# Something's off



## Mxcrnag20 (Oct 23, 2011)

As per my oldest son's request, I started working on a "Jason Vorhees" mask for his costume this year. I can't help but feel something's a bit off. I apologise in advance for it's finish, but I'm no artist...YET!  After failing at an attempt to drybrush it with a flesh color, I just antiqued the whole thing...seems okish I think, but I'll need to get a handle on the drybrush technique soon.


Uploaded with ImageShack.us

Uploaded with ImageShack.us

Uploaded with ImageShack.us

Anyway, that's what I came up with...any suggestions, tips, advice for the next project would be greatly appreciated! Thnx!


----------



## RoxyBlue (Oct 6, 2008)

I think what might be off is partly the shape. The masks for this character that I've seen are rounder in the face. They also have more holes. The antiquing is not too far off the mark.

No need to apologize for not being an artist yet. We all start somewhere and get better with practice


----------



## Mxcrnag20 (Oct 23, 2011)

Now that you mention it...it is a bit "skinny" looking isn't it? I wonder if I trimmed off some of the sides a bit if it wouldn't look a little better...


----------



## Johnmonster (Sep 4, 2009)

I think it looks really good considering you say you're new at masks. Roxy is right, it looks a bit skinny. At first I thought it might be due to the way you have it mounted, but I'm not sure now. 

Also Roxy is correct about the number of holes; it needs a few more. The fact that there are no ears makes the flesh look, at first glance, like dirty hair or a wig. Perhaps you could add some ratty tufts of hair haphazardly over the head. The mask reminds me of the one in Jason Goes to Hell, and in that he had a lot of fuzz on his head when backlit.

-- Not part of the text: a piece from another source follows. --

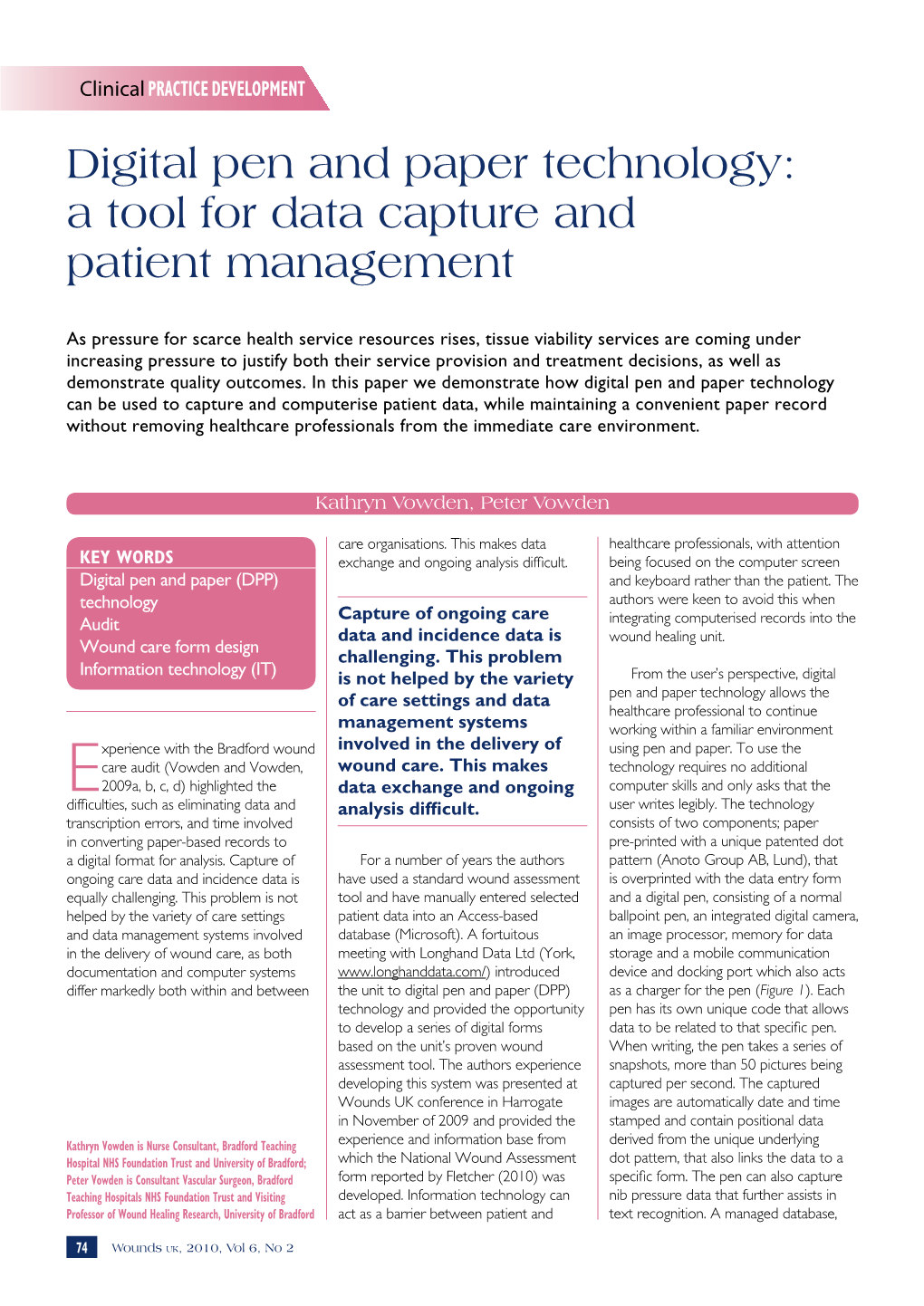 Digital Pen and Paper Technology: a Tool for Data Capture and Patient Management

The edges of the mask that meet the "flesh" look good and deteriorated, but the bottom is smooth. Maybe you could do some distressing to the lower edge to make it more uniform. Also, you can hit it with a light mist of brown or black spray paint from about two feet away to "dust" it and give it a grimy, dirty look.

I learned drybrushing from painting miniatures for Dungeons and Dragons, and my advice is to just practice on whatever you can find. Look for old wood with a nice texture, odds and ends of junk, whatever will take paint. Spray them black and go to town on them. You'll get the knack in no time. After a while you will get the "drybrush eye" and mentally drybrush everything you see, picking out textures and sensing how you can bring them out with highlights.

The problem some people have with drybrushing is overloading the brush, which just smears the paint. You want just enough paint on the bristles to transfer paint only to the uppermost details of the piece. Master that and you're set.

Good luck!


----------



## Mxcrnag20 (Oct 23, 2011)

Johnmonster, thanx a ton for the input. Jason goes to hell was very much where I got the idea to meet the mask with flesh. Odd how I totally forgot to make ears...ah well, we live and learn! I am going to try and implement some of your suggestions, and I might even try to graft on some ears...IF I can figure out how to make them! You're also correct on the drybrushing issue I had. When I started in on it, I was getting too much paint on the brush, and the coat was ALOT heavier than I wanted. By the time I finished, I was getting better, and I think with a little time, I'll get a better feel for how much paint to load the brush with...I'm just grateful antiquing hid it well . Thanks again for the advice, I'll try and see what I can do.


----------